I nearly bought a meteorite in Osaka. I'd always wanted one, you know, a piece of outer
space. And there they were: small and spikey and expensive, in collect-and-keep plinth
presentation cases, and I had one of those lovely turnaround moments that change your
whole perspective forever, a paradigm-shift job. It went: they don't look as nice as
pebbles, and then I suppose pebbles are from space in a way, and we're from space in
the same way, and this is outer space, this is outer space anyway. Gorgeous. A rush of
vision: pebbles are our cosmic neighbours.

Sand's a little bit pretty and intangible, gold's a tart, diamonds are whores. They're more
man-made than a Linda McCartney "Chicken" Kiev, smelted and cut and polished and set
and oh so expensive. Overtures of overtones, they stink of status, superficial shiny
ephemera. They're not from space, they're from the shops.

So I'm back on the beach with all these really really pebbles, a million zillion really really
pebbles, thinking where do they come from, and even more, where do they go? Where do
they go?

The first thing you think is that these quiet restful round things are all surface, a
mysterious surface hiding the inside, the covert essence of the thing. But the whole thing
about pebbles, the nice round thing, only happens because they are perpetually being
ground down, I mean, having their surface removed. So in scientific terms you could
argue there's probably no such thing as a pebble, just a big lump and then a dynamic and
then nothing. The pebble gradually realises its insides. So I remove a palm-sized pebble
from its journey down the plughole, hold it for a moment and think: Where do you go?

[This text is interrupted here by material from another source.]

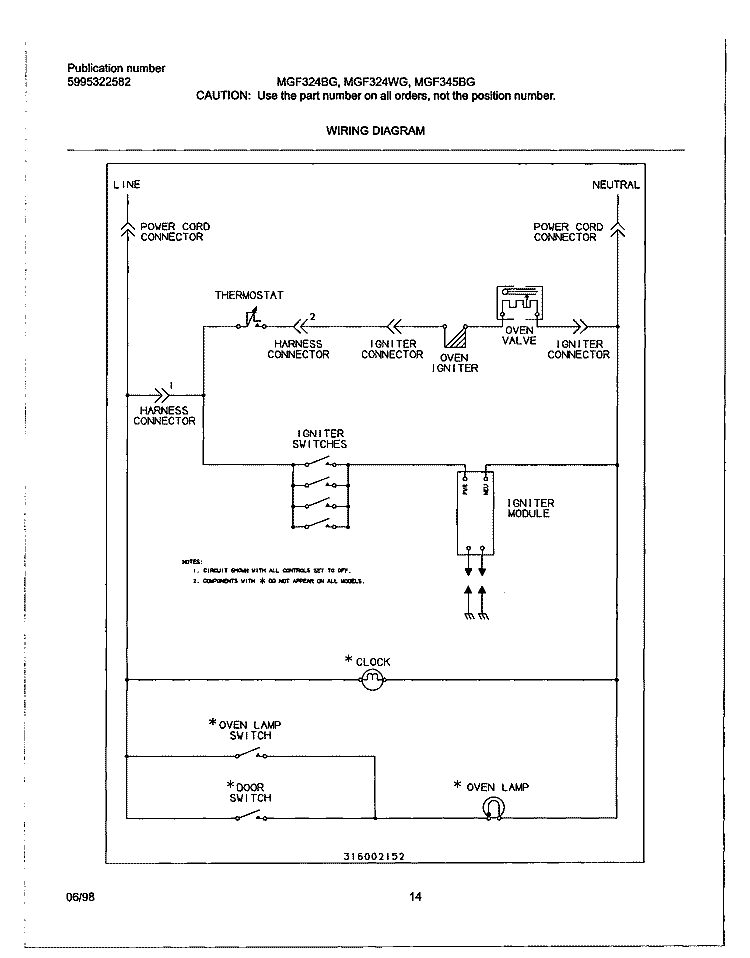 WIRING DIAGRAM Diagram and Parts List for MGF324BGDF  Frigidaire Range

And another marvellous turnaround thingy. I mean, they don't just disappear, they must
form some necessary mineral element in some necessary food chain, and a monster big
feeling of unity of all these pebbles in all this sea and sunshine and little splishy ripples
and what it all looks like and how much a part of me it is and how gentle and round
overwhelms me. I'm holding a piece of forever, a piece of me and you and everything. I
have the outside inside me, and I'm in outer space. How they belong where they are,
these blobs, they're as precious as orchids. So I hurl the thing back into the sea as hard
as I can, it makes a Zen-fibrous Zen-fabulous parabolic straight line and changes the
remote future completely with a splash.